For the listing that follows, give again exactly the lines from the one with "Apto com varanda" to the one with "Эластичное кружево сливовое ширина 20 см", including both.
++++ Records for this exercise
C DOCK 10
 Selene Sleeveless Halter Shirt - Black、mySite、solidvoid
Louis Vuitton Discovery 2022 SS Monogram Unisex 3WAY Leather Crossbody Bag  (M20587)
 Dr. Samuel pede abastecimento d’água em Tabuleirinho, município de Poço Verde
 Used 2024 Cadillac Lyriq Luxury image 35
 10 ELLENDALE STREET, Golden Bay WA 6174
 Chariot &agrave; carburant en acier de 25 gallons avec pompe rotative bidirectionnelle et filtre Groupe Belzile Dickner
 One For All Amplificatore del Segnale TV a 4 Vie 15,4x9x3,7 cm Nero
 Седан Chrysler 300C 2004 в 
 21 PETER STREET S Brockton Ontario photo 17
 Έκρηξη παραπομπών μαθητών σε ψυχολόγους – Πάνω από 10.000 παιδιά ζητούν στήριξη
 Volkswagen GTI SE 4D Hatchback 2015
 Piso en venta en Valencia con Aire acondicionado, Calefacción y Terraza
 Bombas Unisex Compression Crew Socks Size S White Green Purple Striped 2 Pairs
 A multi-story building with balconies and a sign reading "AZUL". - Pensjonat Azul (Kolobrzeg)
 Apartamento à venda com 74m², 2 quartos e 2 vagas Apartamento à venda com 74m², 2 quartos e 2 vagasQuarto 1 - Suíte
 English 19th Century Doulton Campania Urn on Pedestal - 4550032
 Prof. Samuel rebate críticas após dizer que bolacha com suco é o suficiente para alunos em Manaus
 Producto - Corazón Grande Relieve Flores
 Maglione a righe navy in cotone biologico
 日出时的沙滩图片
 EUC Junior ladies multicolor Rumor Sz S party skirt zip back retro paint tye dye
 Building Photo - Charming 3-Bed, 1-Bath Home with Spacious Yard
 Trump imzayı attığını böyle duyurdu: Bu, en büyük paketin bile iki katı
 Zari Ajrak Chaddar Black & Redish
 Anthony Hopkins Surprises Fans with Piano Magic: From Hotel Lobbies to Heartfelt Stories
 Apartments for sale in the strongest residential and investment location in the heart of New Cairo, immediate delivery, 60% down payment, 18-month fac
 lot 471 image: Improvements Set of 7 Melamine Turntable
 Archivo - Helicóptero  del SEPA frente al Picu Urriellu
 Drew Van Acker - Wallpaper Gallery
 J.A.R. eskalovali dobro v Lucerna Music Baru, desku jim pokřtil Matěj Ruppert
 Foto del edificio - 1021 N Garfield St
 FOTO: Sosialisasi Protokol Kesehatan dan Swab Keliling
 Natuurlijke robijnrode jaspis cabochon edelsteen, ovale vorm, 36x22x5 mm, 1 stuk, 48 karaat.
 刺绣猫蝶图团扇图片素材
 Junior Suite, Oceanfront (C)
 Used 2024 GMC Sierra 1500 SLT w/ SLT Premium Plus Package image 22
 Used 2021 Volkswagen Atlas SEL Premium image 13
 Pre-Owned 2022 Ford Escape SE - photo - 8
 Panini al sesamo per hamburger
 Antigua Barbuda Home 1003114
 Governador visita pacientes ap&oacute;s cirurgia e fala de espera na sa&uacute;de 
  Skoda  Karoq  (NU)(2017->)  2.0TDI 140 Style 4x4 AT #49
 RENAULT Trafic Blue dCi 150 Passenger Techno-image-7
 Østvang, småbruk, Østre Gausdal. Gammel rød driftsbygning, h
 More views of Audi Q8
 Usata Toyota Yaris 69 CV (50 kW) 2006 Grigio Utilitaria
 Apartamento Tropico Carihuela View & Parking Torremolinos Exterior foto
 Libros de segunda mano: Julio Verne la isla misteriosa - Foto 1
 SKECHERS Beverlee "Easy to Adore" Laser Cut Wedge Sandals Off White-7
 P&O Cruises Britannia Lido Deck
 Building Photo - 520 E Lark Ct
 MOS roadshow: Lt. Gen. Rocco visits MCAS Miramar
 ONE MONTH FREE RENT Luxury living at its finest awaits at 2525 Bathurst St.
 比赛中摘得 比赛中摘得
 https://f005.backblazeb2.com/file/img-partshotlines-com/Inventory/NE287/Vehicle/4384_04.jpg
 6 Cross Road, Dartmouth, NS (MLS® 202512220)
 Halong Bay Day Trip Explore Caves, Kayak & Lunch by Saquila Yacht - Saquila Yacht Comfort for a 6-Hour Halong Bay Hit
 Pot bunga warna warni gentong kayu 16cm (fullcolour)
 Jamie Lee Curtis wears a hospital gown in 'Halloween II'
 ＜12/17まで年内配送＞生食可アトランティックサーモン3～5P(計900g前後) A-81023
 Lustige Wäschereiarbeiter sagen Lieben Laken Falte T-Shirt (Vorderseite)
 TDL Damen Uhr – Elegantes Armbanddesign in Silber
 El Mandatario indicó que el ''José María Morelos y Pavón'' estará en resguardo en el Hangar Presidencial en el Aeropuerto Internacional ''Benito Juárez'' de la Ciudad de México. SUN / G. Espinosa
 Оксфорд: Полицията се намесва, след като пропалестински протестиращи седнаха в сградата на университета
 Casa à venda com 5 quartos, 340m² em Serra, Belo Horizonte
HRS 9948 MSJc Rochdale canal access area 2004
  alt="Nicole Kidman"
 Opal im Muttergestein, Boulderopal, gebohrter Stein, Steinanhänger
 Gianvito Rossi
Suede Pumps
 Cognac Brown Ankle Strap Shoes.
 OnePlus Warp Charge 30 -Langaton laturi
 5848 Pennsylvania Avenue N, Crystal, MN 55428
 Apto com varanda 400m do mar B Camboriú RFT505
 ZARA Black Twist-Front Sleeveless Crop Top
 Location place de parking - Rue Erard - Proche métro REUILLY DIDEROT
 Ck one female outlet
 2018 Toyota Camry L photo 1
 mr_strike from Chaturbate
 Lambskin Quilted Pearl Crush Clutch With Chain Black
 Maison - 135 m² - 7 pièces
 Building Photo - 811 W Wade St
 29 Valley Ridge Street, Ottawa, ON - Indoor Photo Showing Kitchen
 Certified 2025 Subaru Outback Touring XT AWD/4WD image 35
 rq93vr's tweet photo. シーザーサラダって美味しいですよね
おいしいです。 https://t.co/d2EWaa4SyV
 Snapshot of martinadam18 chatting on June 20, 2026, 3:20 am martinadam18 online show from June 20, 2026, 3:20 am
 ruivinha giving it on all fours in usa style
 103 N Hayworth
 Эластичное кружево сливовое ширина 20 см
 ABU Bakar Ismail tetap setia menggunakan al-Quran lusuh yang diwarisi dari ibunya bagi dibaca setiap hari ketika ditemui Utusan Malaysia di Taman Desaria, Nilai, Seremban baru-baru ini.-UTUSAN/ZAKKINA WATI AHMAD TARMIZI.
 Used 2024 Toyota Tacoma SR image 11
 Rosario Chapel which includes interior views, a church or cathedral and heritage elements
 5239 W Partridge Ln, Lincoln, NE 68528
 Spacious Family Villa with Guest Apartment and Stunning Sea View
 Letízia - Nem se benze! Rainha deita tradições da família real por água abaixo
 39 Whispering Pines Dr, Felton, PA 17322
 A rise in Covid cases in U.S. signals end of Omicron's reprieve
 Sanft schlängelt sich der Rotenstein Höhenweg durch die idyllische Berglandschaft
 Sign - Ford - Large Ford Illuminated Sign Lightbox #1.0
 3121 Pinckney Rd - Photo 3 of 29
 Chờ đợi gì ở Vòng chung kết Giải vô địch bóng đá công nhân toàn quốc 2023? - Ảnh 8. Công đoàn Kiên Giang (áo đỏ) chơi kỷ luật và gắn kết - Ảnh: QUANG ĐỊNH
++++++++
» Output for this exercise:
 Apto com varanda 400m do mar B Camboriú RFT505
 ZARA Black Twist-Front Sleeveless Crop Top
 Location place de parking - Rue Erard - Proche métro REUILLY DIDEROT
 Ck one female outlet
 2018 Toyota Camry L photo 1
 mr_strike from Chaturbate
 Lambskin Quilted Pearl Crush Clutch With Chain Black
 Maison - 135 m² - 7 pièces
 Building Photo - 811 W Wade St
 29 Valley Ridge Street, Ottawa, ON - Indoor Photo Showing Kitchen
 Certified 2025 Subaru Outback Touring XT AWD/4WD image 35
 rq93vr's tweet photo. シーザーサラダって美味しいですよね
おいしいです。 https://t.co/d2EWaa4SyV
 Snapshot of martinadam18 chatting on June 20, 2026, 3:20 am martinadam18 online show from June 20, 2026, 3:20 am
 ruivinha giving it on all fours in usa style
 103 N Hayworth
 Эластичное кружево сливовое ширина 20 см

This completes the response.